## Activity
Once you reach the line containing "22 Selandra Boulevard, Clyde North VIC 3978" in the entries below, write out that line and each one after it down to the line containing "Bản ảnh số 122", exactly and with nothing added.

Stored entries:
=== Section Start ===
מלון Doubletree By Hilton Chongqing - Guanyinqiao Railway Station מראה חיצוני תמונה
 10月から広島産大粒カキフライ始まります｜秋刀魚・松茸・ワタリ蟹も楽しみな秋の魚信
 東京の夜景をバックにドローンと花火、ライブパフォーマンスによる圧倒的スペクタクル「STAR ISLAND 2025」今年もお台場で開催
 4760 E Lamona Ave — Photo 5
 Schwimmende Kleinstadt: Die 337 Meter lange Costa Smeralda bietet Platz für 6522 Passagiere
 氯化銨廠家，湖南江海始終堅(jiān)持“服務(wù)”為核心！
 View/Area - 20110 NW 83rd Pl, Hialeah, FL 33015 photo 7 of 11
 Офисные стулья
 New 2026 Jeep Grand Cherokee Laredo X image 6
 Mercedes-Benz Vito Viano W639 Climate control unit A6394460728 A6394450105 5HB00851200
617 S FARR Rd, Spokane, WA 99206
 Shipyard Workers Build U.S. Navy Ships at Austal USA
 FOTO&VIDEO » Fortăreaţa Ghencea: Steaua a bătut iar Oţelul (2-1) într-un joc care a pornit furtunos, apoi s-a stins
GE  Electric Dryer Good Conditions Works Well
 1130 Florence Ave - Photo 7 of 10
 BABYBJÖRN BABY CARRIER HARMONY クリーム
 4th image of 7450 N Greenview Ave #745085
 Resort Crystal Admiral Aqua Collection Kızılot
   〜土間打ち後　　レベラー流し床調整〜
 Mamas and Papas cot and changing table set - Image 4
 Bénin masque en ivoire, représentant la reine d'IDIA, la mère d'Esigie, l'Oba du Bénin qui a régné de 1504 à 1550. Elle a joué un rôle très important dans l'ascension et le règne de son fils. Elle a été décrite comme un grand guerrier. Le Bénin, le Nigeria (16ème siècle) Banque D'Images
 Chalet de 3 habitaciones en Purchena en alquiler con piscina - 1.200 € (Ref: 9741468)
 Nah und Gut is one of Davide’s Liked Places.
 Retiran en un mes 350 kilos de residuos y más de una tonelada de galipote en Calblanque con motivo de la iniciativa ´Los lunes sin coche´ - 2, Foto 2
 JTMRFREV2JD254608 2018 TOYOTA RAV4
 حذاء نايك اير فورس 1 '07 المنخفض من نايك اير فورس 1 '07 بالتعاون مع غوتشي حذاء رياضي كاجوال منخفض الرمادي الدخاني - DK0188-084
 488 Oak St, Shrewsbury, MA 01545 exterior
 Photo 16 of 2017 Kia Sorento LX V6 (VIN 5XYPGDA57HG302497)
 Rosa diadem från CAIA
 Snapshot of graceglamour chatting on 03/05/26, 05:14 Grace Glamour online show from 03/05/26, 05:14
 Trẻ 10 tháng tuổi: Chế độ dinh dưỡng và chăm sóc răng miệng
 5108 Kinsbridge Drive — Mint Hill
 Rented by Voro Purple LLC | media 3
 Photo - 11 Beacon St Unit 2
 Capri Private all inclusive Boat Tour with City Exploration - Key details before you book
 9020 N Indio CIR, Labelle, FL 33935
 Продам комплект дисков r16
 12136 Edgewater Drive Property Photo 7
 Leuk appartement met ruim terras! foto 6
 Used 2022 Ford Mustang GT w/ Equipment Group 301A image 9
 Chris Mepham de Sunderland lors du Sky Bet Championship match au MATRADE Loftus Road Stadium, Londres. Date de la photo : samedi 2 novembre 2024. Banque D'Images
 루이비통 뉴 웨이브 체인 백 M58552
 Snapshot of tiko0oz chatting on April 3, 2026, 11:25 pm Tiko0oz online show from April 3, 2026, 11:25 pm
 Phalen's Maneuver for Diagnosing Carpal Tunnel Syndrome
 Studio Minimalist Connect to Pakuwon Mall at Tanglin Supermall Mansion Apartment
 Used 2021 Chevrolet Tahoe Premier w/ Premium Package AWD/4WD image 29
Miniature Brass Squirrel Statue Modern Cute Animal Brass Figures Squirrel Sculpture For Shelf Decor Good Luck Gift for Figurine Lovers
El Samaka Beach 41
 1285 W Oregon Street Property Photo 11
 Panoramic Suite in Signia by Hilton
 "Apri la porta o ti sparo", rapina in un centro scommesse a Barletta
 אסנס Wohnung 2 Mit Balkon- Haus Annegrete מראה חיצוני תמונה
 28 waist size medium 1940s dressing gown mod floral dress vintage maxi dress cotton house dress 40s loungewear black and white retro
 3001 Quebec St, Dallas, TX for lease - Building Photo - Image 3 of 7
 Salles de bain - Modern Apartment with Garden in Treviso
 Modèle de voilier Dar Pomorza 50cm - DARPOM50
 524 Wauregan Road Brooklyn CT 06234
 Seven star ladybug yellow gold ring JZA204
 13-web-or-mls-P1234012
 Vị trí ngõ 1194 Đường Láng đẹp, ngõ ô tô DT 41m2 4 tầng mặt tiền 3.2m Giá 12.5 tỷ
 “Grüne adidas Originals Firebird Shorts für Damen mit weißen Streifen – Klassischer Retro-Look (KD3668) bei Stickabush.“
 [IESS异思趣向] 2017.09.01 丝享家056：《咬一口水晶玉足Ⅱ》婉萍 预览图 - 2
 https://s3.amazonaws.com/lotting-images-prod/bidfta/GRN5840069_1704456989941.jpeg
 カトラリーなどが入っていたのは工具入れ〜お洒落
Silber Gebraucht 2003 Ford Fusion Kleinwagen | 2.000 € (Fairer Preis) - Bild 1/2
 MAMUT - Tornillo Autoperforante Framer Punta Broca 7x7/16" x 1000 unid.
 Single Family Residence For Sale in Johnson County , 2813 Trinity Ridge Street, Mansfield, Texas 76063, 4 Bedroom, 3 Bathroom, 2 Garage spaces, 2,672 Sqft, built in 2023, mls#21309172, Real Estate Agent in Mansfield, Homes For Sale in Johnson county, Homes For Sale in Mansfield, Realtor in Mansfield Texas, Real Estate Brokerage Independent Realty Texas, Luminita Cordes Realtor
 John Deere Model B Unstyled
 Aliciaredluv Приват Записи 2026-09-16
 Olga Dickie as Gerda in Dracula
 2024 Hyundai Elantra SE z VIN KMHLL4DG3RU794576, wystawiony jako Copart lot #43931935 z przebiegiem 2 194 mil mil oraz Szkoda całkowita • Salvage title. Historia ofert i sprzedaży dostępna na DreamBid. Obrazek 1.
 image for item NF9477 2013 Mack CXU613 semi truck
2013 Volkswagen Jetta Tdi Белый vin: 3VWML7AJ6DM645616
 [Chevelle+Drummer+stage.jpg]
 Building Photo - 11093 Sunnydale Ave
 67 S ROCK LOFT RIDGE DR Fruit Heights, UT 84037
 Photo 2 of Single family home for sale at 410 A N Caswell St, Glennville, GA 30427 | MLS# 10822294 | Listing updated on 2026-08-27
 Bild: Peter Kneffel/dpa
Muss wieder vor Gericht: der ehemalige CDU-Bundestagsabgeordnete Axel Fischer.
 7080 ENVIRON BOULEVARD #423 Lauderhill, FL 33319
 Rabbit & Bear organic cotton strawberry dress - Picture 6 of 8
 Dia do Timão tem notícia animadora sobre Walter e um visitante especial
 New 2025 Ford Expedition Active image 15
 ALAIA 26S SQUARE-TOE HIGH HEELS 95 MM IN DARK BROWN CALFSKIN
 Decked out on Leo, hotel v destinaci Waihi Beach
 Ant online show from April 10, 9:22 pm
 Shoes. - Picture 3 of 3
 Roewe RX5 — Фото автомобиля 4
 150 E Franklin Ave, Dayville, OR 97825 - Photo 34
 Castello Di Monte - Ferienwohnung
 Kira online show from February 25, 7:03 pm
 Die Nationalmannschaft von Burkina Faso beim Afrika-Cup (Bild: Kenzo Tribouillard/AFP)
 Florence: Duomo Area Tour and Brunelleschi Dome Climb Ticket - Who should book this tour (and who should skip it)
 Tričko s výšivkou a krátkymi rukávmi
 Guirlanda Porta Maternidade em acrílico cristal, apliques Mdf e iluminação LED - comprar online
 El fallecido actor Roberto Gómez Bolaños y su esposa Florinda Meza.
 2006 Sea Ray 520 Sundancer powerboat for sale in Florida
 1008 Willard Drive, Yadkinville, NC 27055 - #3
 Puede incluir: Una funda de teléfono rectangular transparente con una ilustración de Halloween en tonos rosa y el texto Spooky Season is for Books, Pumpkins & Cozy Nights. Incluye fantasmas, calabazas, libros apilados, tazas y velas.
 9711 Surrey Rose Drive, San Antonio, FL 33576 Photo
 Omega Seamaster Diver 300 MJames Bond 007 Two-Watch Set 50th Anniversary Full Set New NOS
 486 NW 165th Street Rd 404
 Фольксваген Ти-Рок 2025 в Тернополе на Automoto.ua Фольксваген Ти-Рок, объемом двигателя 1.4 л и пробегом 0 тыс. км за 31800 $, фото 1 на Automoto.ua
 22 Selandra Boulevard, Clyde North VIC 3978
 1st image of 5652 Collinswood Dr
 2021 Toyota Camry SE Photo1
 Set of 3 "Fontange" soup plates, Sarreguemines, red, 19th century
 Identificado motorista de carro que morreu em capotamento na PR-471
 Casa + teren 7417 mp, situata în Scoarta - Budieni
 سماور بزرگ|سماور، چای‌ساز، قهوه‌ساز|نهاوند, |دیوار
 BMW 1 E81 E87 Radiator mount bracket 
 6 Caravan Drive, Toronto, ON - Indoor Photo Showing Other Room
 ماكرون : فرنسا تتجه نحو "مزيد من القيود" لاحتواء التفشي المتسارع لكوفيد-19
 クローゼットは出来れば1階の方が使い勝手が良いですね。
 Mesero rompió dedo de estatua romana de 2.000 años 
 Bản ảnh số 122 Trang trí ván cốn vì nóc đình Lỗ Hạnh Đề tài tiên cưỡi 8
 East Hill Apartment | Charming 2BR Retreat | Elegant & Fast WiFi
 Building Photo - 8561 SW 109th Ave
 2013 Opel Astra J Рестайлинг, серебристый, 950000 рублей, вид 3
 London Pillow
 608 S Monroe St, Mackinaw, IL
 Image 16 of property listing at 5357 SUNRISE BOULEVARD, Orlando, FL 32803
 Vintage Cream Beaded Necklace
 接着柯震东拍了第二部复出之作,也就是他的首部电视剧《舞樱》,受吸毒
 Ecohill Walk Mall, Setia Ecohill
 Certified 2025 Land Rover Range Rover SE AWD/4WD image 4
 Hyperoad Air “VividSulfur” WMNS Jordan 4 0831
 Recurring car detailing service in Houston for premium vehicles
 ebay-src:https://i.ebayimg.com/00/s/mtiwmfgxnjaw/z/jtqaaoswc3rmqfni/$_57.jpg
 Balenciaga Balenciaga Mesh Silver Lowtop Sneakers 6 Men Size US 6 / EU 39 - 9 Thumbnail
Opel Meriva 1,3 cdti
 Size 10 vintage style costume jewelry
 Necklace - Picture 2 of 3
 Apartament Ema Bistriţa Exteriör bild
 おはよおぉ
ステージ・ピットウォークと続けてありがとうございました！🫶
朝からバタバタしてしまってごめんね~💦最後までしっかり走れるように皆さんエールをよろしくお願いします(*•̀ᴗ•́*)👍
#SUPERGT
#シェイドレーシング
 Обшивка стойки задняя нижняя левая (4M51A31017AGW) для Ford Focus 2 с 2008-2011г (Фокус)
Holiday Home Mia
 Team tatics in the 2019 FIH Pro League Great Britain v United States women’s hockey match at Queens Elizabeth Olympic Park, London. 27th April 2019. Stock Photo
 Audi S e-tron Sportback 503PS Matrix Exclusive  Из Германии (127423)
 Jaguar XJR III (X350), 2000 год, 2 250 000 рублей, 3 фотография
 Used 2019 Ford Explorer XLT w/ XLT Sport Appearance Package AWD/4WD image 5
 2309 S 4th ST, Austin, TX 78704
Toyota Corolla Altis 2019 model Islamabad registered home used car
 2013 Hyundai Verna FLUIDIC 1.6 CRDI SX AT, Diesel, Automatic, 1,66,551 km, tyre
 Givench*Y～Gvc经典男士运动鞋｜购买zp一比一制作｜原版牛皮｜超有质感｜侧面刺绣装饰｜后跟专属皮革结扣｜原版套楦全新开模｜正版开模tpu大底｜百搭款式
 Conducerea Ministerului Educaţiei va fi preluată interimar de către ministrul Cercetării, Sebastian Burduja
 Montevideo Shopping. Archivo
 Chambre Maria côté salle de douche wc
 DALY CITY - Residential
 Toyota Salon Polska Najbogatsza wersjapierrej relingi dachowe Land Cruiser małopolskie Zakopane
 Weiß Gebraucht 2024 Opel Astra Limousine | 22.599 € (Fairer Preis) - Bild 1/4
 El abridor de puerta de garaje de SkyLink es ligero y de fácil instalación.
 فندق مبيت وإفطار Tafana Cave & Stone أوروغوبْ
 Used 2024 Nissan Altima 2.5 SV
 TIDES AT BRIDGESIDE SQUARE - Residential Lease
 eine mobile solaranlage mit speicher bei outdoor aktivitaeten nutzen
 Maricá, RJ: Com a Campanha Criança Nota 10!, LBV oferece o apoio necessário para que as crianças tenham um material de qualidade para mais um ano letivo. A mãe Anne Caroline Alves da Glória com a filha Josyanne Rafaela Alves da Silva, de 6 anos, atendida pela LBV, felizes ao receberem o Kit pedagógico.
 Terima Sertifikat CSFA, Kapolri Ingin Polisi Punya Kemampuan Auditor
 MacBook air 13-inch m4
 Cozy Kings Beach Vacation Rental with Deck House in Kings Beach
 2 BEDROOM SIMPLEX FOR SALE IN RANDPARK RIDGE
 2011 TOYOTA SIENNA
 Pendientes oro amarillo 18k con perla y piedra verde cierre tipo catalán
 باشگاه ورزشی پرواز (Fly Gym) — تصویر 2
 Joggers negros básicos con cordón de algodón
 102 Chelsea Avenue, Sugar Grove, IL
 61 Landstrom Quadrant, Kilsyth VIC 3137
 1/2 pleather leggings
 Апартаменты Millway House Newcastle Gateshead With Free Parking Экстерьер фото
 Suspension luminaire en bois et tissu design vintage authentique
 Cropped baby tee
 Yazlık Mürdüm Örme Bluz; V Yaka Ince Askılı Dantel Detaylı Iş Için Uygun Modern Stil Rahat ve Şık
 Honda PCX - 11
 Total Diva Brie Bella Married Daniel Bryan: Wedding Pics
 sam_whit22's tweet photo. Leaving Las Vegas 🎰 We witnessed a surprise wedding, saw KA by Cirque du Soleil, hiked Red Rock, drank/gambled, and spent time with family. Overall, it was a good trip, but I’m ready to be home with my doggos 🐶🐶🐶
=== Section End ===
## Output of the exercise
 22 Selandra Boulevard, Clyde North VIC 3978
 1st image of 5652 Collinswood Dr
 2021 Toyota Camry SE Photo1
 Set of 3 "Fontange" soup plates, Sarreguemines, red, 19th century
 Identificado motorista de carro que morreu em capotamento na PR-471
 Casa + teren 7417 mp, situata în Scoarta - Budieni
 سماور بزرگ|سماور، چای‌ساز، قهوه‌ساز|نهاوند, |دیوار
 BMW 1 E81 E87 Radiator mount bracket 
 6 Caravan Drive, Toronto, ON - Indoor Photo Showing Other Room
 ماكرون : فرنسا تتجه نحو "مزيد من القيود" لاحتواء التفشي المتسارع لكوفيد-19
 クローゼットは出来れば1階の方が使い勝手が良いですね。
 Mesero rompió dedo de estatua romana de 2.000 años 
 Bản ảnh số 122 Trang trí ván cốn vì nóc đình Lỗ Hạnh Đề tài tiên cưỡi 8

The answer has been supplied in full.